Law

Consent is everything: It is all about consent and normally the consideration of a submissive’s needs, and wanting to be in a D/s (Dominant/submissive) relationship, even a short-term one. Being a Dominant is not about just taking what you wanted from someone and not worrying about whether they come back or not or what they think about the experience. It has to do with consent and if there is no consent, then these is abuse, which may be criminal abuse. Consent matters because it’s the consent, coupled with the safe words that bring play to a stop, that allows play, that allows us to push edges, take risks, and enter uncharted territory. The consent allows a general permission to do what would otherwise be criminal assault and sexual assault and the safe word allows us to play at the edges where consent may not have been expressly given or where the edge of consent has been reached and the time might be right to push the boundaries – without the Safe word, you couldn’t do this.
• Consent is the prime and fundamental boundary that comes with BDSM territory. There’s no way to absolutely guarantee that someone will leave your company without some bad feelings. There will be times when things go wrong. Ensuring consent and being clear and continuing to check with each other, means that even if things go awry, there remains a basic trust and the risk of misunderstandings and mistakes are minimal and not purely thoughtlessness or stupidity.Every Dom has a different style but the one thing we cannot argue about is consent.
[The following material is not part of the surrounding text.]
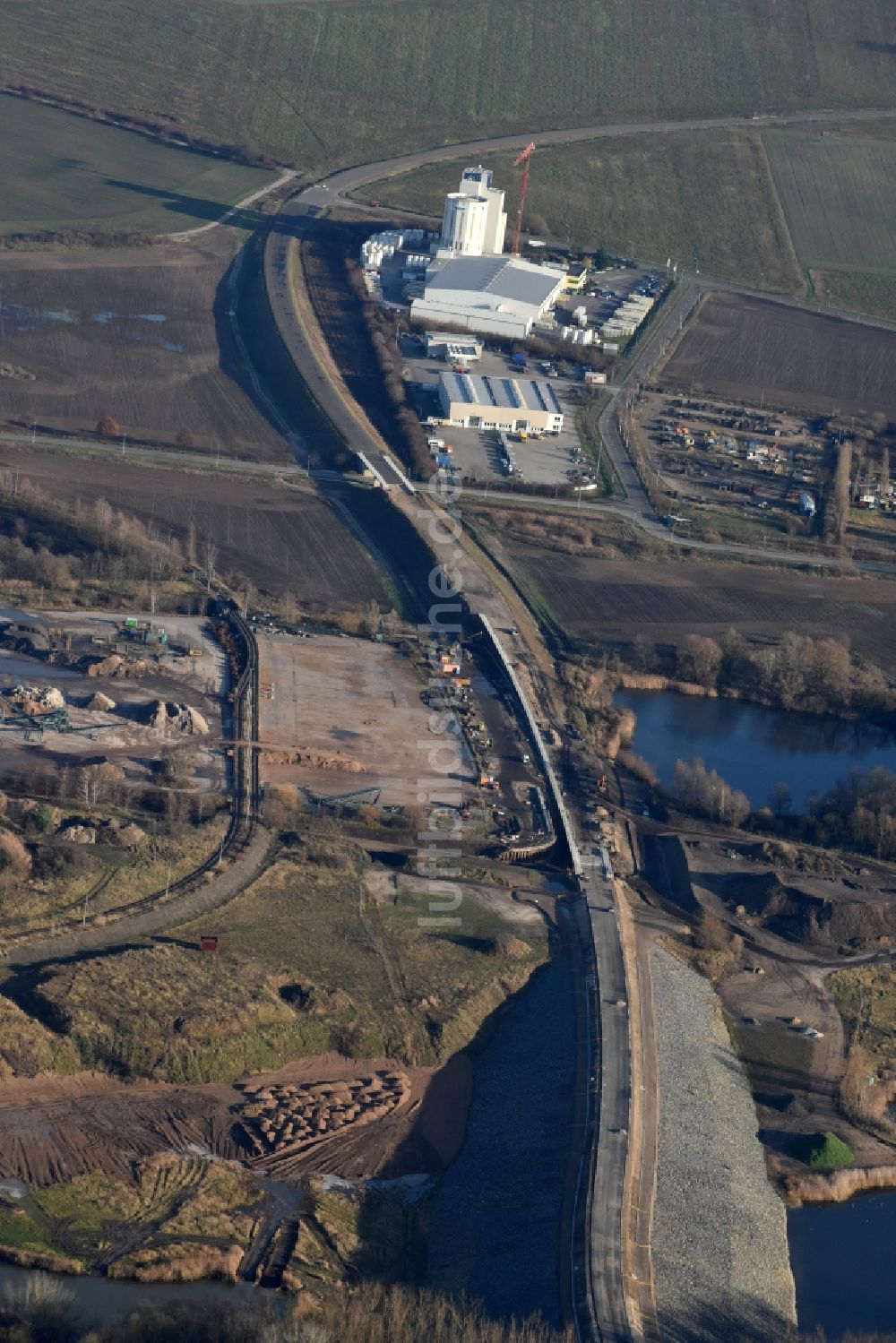 Herzfelde von oben - Baustelle zum Neubau der OU Ortsumgehung der Bundesstraße B 1n Herzfelde im Bundesland Brandenburg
If there’s no consent, then it’s not BDSM, it is assault, kidnap, sexual assault and rape.
• “A real dominant just takes what he wants and a ‘real’ submissive accepts this” …..is bullshit. The truth is that a dominant agrees on the parameters and within those parameters, the submissive has no choice, but her submission can be withdrawn at any time simply by using the safe word. Informed Consent means BDSM, and vice versa and it’s crucial that we explain that if someone is consenting then they’re clear exactly what they’re consenting to and if we say “bdsm”, they say “yes”, we might rough sex and sadomasochism and they might mean obedience and voice commands, then it should be no surprise if they claim abuse or violation and end up talking to PC Plod.
• Get Consent and talk about specifics!!! It can be awkward for many people to talk about sex, not to mention kinky sexual desires and people have desires that they won’t even disclose to old friends, but might disclose to a dominant they’ll never meet again.
• There’s no shame in submitting; it’s not inherently a stance of weakness, giving your submission is power because with the safeword, you can always take it back.